Borobudur merupakan salah satu situs warisan dunia yang telah diakui oleh UNESCO, tepatnya pada tahun 1991. Candi ini memiliki 1460 relief dan 504 stupa seperti informasi dari soundofborobudur.org, hal tersebut membuat Borobudur menjadi candi terbesar di dunia. Relief yang terukir disana menggambarkan berbagai cakupan.
Relief yang ada di Candi Borobudur yang pernah usai untuk digali. Cakupan yang ada di dalamnya begitu luas diantaranya mengenai siklus kehidupan, tingkah laku, serta tipe manusia. Tak hanya tentang manusia, flora dan fauna, kehidupan sosial politik, hingga kesenian. Hal tersebut membuat Borobudur menjadi salah satu pusat pengetahuan yang akan terus digali.
Musik yang menjadi bagian dari seni pertunjukkan juga terukir dalam relief candi, contohnya pada Relief Mahakarmawibhangga. Hal ini kemudian menjadi salah satu dasar untuk menggali lagi tentang bagaimana Borobudur bercerita tentang musik, serta kemungkinan bahwa Borobudur pusat musik dunia. Sebuah gerakan bertajuk Sound of Borobudur Movement mencoba untuk menggali lebih dalam peradaban masa lampau dengan menggunakan budaya dan ilmu pengetahuan yang diintepretasikan melalui seni.
Waditra dalam Relief Mahakarmawibhangga
Panil relief sebanyak 1460 buah memenuhi sepanjang dinding Candi Borobudur, mulai dari teras ke-1 hingga teras ke-6. Terkait dengan musik, pada teras pertama dalam Relief Mahakarmawibhangga, terdapat panil relief yang menggambarkannya.
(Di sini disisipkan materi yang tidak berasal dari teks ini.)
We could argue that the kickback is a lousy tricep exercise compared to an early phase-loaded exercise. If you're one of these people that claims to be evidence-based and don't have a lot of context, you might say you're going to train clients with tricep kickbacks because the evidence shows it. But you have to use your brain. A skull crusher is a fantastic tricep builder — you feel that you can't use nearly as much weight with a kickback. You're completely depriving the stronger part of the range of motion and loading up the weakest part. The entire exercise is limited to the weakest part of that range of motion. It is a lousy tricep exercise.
Relief Karmawibhangga pada dasarnya berisi naskah Mahakarmawibhangga yang berisi tentang hukum sebab akibat. Namun demikian, terdapat 10 panil relief yang memberi gambaran mengenai berbagai instrumen musik atau disebut waditra.
Secara umum, terdapat empat jenis instrumen musik yaitu idiophone, membranphone, chordophone, dan aerophone. Keempat instrumen itu hadir dalam Relief Mahakarmawibhangga. Dua panil relief yang telah tertelaah menggambarkan musisi dengan memainkan waditra berdawai, atau dapat dikatan itu adalah jenis chordophone.
Pada panil pertama yang telah terindentifikasi terdapat dua musisi pria memainkan waditra berdawai. Seorang memainkan waditra berdawai dengan resonator gemuk dan leher lurus panjang. Seorang lagi memainkan yang waditra dengan resonator gemuk, namun bagian lehernya menyerong ke kanan dan berbentuk gelung. Terdapat pula seorang wanita yang sedang memukul simbal dengan ukuran berdiameter besar. Â Visualisasinya menggambarkan adanya sebuah pertunjukan musik yang sedang disaksikan oleh kalangan bangsawan, sehingga musik yang dimainkan bernuansa lembut.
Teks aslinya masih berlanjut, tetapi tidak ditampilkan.